*What to do*
Retype the listing found below exactly, but leave out each picture.

*Information provided*
-.-.-

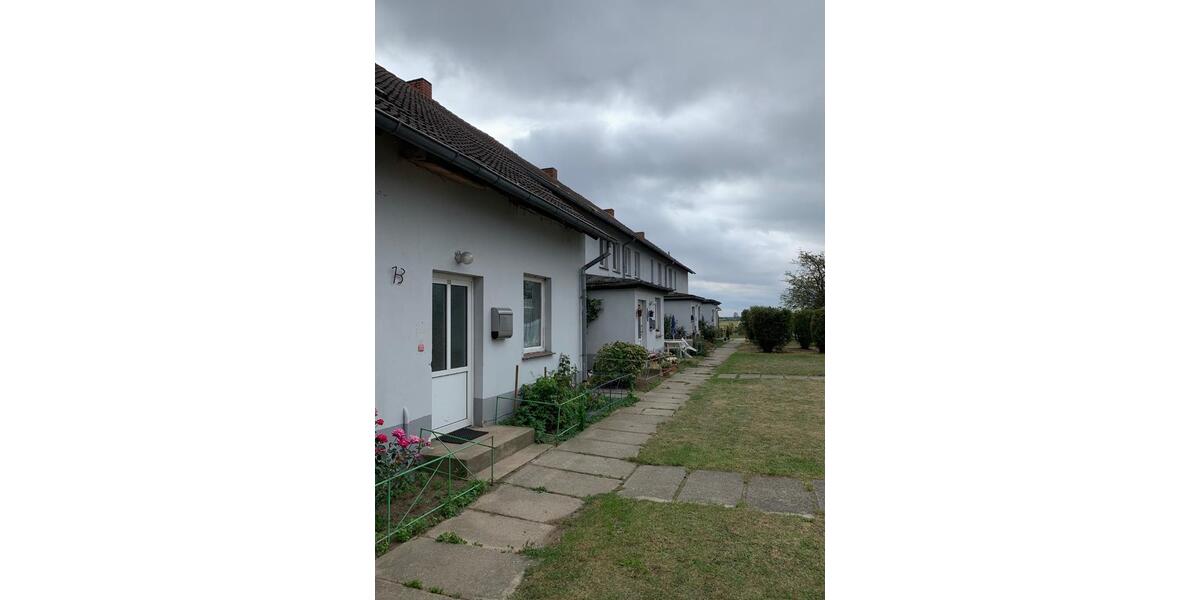 Erdgeschoßwohnung Garz/Rügen Rügen - 3 Zimmer, 83 m&sup2;, 625&euro; | Angebot:26097657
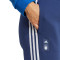 Pantalón largo Italia Fanswear 2022-2023 Dark Blue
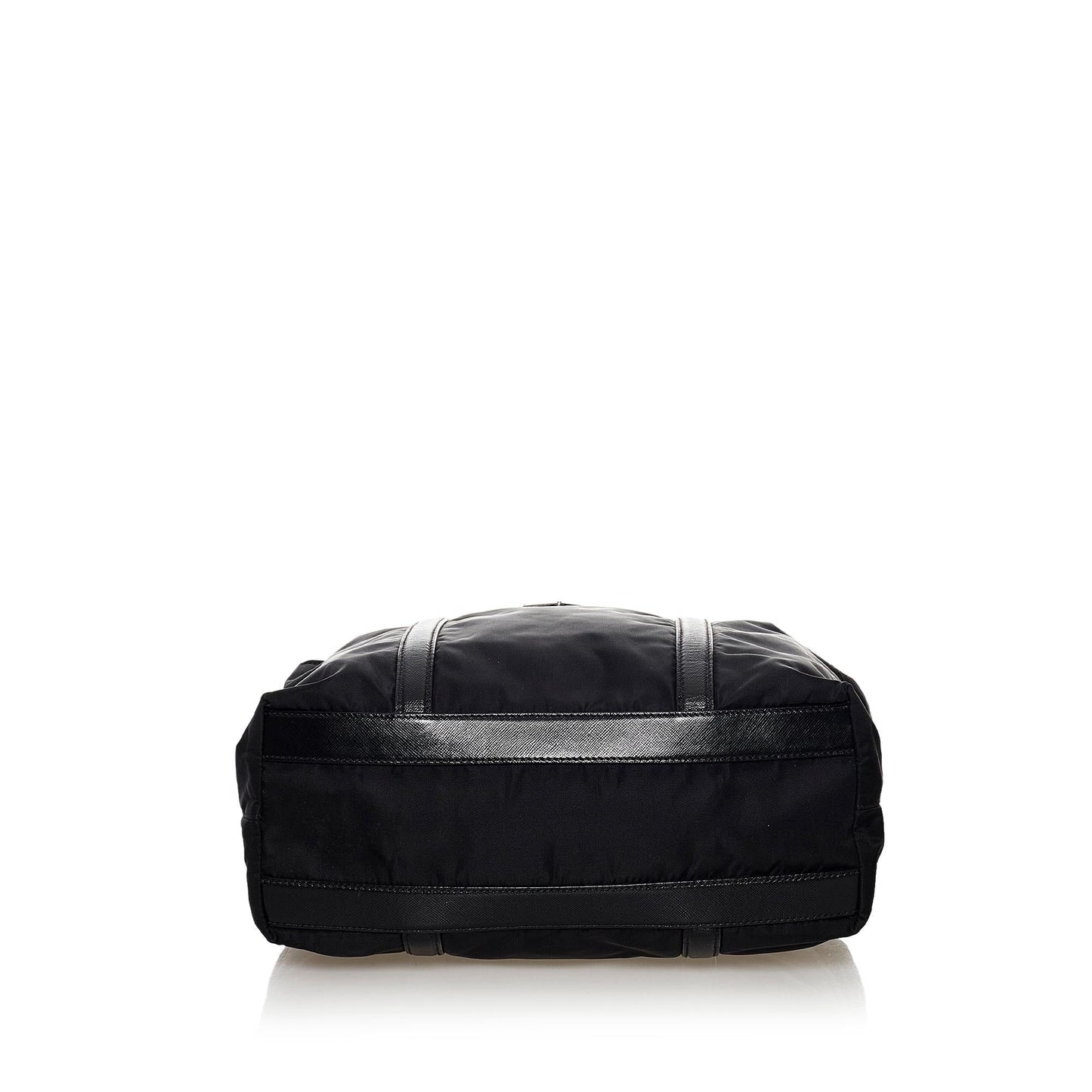 Prada Tessuto Shoulder Bag (SHG-32433)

-.-.-

*Response area*
 Erdgeschoßwohnung Garz/Rügen Rügen - 3 Zimmer, 83 m&sup2;, 625&euro; | Angebot:26097657
 Pantalón largo Italia Fanswear 2022-2023 Dark Blue
 Prada Tessuto Shoulder Bag (SHG-32433)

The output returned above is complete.